As the economist Jeffrey Sachs recently said, “we have a system, but we need a different system. Corporates must behave, pay taxes, and follow the rules.” By focusing on questions of how to increase productivity instead of focusing on how to better share the abundant food we already have, and by focusing on questions of technology instead of questions of power, the summit simply obscures who’s creating the problems and instead allows those that are responsible for such problems to offer their “solutions.”

The summit is proposing market-based solutions which have not worked in the past and won’t work now. The summit proposes to identify “game-changing solutions” to the problems with the global food system. These solutions mostly entail pointing at the benefits of digitalization (using data and artificial intelligence in agriculture) and so-called “nature positive solutions,” which are minimal reforms to the chemical-industrial model of farming that dominated the 20th century and which has caused so many of the ecological and climate problems we encounter today.

For the most vulnerable food producers, these “solutions” don’t resolve the problems they face. Even if they did work, most small-scale farmers, workers, and rural and indigenous communities would never be able to afford these costly and sophisticated technologies that just a handful of corporations control. These kinds of schemes benefit the corporations. Increased digitalization is pursued to collect massive amount of data that is used to manipulate consumer’s choices or to appropriate genetic information under intellectual property rights.  

“Nature positive solutions” is a very vague definition that relies on sustainable intensification schemes, carbon markets, and offset mechanisms. They don’t eliminate or even reduce emissions, but aim to compensate emissions by sequestering carbon by planting trees elsewhere. However, GHG emissions are so high that they would need more land and natural resources than the planet can provide. For example, the land needed to plant tree plantations to offset emissions from a coal plant far away will be taken from rural communities, while the polluting corporations can continue without changing carbon intensive – production systems. At the same time, massive public incentives will continue to sustain harmful practices.

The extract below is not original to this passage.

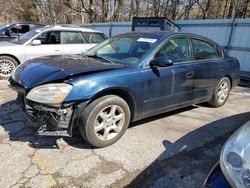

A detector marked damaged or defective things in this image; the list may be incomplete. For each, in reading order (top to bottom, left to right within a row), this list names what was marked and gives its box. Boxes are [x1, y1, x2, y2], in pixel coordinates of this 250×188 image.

damaged front bumper [23, 99, 87, 137]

The summit is a threat to the multilateral governance of human rights. Since it was announced, the summit has sidelined the CFS, which is the legitimate space to govern global food issues. The CFS is the human rights, intergovernmental space for the governance of food that was reformed in 2009, in the wake of the 2007-2008 food price crisis, to ensure the inclusive and effective participation of people most affected by hunger and food insecurity.  The current summit promotes a new form of governance based on “multi-stakeholderism,” which puts big corporates at the same level of governments and rights holders, ignoring the conflicts of interest and the power imbalance among the different actors. The corporate sector has secured preferential access to public spaces and decision-making processes without any mechanism to hold them accountable.  Agribusiness corporations can influence the standard-setting processes in their favor, promote voluntary codes of conduct instead of accountability mechanisms, and use their enormous financial power to force reforms in legislation, policies, and incentives that work for them. 

In coalition with many other CSOs and food producers’ movements, we have opposed the summit and continue to raise awareness around the risks of increased corporatization of the world food system. Solutions to hunger should come from those who produce most of the world’s food, particularly small-scale food producers, indigenous communities, and women in the Global South. We want to defend and preserve the multilateralism governance model with human rights at the cornerstone, and dismantle the corporate capture of public space, narrative, governance, and science.

This year we celebrate the 25th anniversary of food sovereignty – the political blueprint for the food system we want, based on the right to food, agroecology, and real climate solutions. This makes it all the more important to stand up for what we know is right, to defend what we know is working, and to oppose outcomes that will harm people and planet.